In The Republican Reversal: Conservatives and the Environment from Nixon to Trump, historians James Morton Turner and Andrew C. Isenberg offer a more nuanced explanation of the Republican Party’s change on environmental policy, grounded in a shift in the party’s ideology. They point to three factors operating in concert: “rise of conservative ideology, the mobilization of interest groups and activists, and the changes in the environment and the regulatory state.” “Republican legislators were not simply bought off by corporate interests,” they argue. Rather, the alignment of particular economic interest groups with the Republican Party occurred in concert with changes within the conservative movement and the lived experience of those regulated by federal environmental laws. They write, “Big money alone does not fully explain the Republican embrace of the gospel of more.” While business groups—resource extractive industries in particular—certainly played a role by supporting candidates and organizations that opposed regulations restricting resource development, there is also a strong grass-root opposition to federal environmental regulation.
Up through the 1970s, Republicans generally shared the belief that environmental problems required urgent government intervention, accepted the professional expertise of scientists and others calling for environmental action, and thought it acceptable for government to intervene in the economy to protect the environment and public health. Over the past few decades, however, many Republicans have come to see many environmental claims as “alarmist and exaggerated,” have “dismissed professional expertise,” and see environmental regulations as economic burdens that constrain individual liberty. More broadly, as the perceived urgency of environmental problems ebbed and regulatory costs became more apparent, it was natural that some would view additional regulation as a bad deal.

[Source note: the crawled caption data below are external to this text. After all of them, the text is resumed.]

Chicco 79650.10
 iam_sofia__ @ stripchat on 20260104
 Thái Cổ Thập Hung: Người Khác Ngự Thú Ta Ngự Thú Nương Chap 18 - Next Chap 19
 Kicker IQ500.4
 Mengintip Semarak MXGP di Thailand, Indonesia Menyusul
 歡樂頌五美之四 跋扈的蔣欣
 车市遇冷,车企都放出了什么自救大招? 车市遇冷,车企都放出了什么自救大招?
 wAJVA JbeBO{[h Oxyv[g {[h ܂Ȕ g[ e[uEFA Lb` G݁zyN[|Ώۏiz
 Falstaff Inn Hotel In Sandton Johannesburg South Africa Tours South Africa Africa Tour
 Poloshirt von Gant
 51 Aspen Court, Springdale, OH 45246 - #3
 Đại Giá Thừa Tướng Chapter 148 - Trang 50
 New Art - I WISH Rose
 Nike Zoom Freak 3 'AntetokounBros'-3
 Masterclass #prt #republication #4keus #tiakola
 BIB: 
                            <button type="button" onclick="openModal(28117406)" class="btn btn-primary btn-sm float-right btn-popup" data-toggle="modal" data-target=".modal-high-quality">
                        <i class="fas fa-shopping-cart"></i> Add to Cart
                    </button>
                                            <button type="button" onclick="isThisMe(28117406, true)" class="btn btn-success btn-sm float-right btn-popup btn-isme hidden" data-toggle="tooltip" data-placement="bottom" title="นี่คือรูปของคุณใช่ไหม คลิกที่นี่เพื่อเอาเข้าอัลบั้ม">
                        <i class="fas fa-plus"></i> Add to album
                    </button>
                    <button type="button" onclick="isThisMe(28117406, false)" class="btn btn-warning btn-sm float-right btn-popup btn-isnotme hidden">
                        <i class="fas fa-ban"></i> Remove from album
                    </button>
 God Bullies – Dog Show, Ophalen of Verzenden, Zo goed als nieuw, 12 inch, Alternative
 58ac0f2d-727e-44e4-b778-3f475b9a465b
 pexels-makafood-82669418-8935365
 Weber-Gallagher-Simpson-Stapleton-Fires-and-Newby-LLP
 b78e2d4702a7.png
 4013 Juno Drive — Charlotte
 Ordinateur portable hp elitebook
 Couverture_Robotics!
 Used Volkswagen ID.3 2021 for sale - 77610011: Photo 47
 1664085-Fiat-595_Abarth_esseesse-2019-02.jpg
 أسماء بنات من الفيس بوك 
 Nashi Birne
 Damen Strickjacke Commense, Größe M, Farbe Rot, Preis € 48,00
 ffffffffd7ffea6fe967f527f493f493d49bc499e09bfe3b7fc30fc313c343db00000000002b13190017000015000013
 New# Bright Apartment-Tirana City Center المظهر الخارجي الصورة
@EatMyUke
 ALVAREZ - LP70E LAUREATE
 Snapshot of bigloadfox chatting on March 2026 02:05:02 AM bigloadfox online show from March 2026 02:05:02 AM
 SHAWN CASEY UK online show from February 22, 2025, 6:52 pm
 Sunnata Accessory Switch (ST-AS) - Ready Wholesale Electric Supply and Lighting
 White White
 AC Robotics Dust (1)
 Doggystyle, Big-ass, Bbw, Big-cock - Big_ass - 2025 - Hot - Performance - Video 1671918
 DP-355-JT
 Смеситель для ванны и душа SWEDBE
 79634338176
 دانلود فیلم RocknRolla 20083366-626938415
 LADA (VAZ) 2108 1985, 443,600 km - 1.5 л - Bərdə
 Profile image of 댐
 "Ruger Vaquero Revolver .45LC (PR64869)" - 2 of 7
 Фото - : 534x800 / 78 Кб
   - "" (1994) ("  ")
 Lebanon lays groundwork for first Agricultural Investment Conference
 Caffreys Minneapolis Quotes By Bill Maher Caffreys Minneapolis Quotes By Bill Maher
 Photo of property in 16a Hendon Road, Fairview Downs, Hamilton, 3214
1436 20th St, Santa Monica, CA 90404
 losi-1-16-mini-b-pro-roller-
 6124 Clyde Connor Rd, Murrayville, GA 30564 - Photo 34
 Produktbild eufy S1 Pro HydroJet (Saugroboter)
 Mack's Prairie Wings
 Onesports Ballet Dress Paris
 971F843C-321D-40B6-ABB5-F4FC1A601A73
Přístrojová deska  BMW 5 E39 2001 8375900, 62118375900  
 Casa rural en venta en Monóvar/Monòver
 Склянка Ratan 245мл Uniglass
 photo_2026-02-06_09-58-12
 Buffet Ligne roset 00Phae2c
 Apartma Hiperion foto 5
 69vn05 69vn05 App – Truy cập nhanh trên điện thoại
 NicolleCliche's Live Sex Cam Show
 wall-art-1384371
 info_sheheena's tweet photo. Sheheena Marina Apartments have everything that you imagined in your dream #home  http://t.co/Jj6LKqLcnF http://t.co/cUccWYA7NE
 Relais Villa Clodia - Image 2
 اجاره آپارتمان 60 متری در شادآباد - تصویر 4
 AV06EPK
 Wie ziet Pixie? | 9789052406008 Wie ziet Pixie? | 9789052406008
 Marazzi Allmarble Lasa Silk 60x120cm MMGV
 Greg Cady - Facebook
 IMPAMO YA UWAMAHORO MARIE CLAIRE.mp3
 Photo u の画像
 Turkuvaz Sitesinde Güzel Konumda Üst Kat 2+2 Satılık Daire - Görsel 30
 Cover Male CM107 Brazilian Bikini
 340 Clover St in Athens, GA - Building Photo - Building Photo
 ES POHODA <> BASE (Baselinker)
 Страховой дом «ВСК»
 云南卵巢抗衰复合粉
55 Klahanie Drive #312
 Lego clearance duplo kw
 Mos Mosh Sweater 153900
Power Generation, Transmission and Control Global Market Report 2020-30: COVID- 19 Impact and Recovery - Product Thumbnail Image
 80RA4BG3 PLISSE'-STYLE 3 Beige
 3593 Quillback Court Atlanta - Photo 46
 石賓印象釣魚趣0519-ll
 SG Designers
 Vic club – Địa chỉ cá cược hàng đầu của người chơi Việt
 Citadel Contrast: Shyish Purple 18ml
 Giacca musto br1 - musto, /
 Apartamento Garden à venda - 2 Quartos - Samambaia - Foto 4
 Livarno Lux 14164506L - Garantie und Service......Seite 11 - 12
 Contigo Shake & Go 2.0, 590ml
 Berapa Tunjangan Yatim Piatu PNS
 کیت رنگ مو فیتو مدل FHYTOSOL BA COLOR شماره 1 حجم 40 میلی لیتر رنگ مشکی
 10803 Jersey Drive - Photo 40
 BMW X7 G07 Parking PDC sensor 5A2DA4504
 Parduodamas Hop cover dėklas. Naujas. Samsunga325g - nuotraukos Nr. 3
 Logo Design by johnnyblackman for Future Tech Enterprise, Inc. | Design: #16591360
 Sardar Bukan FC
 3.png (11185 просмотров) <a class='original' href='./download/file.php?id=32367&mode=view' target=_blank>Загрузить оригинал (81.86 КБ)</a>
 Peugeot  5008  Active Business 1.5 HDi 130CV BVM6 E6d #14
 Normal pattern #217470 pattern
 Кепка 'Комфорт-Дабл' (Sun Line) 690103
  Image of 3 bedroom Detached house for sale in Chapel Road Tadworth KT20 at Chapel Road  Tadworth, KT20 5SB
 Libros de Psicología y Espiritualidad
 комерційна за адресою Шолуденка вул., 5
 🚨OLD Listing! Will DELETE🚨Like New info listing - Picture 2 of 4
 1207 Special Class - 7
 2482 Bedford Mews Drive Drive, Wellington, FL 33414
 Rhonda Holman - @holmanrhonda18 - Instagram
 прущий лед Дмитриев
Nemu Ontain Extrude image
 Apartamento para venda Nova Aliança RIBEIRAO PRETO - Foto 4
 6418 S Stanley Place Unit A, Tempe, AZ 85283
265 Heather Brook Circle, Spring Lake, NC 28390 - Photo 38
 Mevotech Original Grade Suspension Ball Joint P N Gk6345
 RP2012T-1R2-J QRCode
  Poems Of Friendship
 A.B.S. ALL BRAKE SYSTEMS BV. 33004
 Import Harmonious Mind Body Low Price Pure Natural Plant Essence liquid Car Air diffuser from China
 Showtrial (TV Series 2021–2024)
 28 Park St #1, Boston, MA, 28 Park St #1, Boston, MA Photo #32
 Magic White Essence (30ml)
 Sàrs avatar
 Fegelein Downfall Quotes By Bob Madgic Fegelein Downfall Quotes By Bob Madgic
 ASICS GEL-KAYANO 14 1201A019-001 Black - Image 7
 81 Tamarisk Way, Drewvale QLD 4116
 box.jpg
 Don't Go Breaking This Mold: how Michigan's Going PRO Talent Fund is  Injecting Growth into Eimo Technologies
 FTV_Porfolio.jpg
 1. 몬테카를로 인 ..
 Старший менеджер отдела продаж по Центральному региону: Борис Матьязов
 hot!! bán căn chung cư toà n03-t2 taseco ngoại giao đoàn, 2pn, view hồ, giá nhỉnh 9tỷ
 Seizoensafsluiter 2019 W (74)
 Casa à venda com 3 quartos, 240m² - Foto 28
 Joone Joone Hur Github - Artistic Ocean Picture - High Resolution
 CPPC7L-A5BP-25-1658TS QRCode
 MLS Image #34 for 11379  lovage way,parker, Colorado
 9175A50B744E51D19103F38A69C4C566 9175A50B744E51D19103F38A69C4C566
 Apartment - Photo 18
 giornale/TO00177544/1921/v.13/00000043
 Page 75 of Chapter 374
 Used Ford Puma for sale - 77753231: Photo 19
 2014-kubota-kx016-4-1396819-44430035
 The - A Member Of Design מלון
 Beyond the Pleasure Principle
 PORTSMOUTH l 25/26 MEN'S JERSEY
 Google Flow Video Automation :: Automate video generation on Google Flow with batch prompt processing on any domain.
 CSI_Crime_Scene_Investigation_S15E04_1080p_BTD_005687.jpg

In their account, the Trump administration’s environmental agenda “represented a complete break with an older and equally important tradition of Republican environmentalism that dated back to the nineteenth century.” More broadly, the GOP’s environmental shift is “one of the most profound and far-reaching transformations in modern American political history.” Yet the account they provide suggests a more gradual evolution. As they acknowledge, President Ronald Reagan’s administration had an aggressive deregulatory agenda, much of it focused on environmental rules, but this was hardly the first time a Republican president had questioned the value of federal environmental regulation. Indeed, the Clean Water Act was enacted over Nixon’s veto.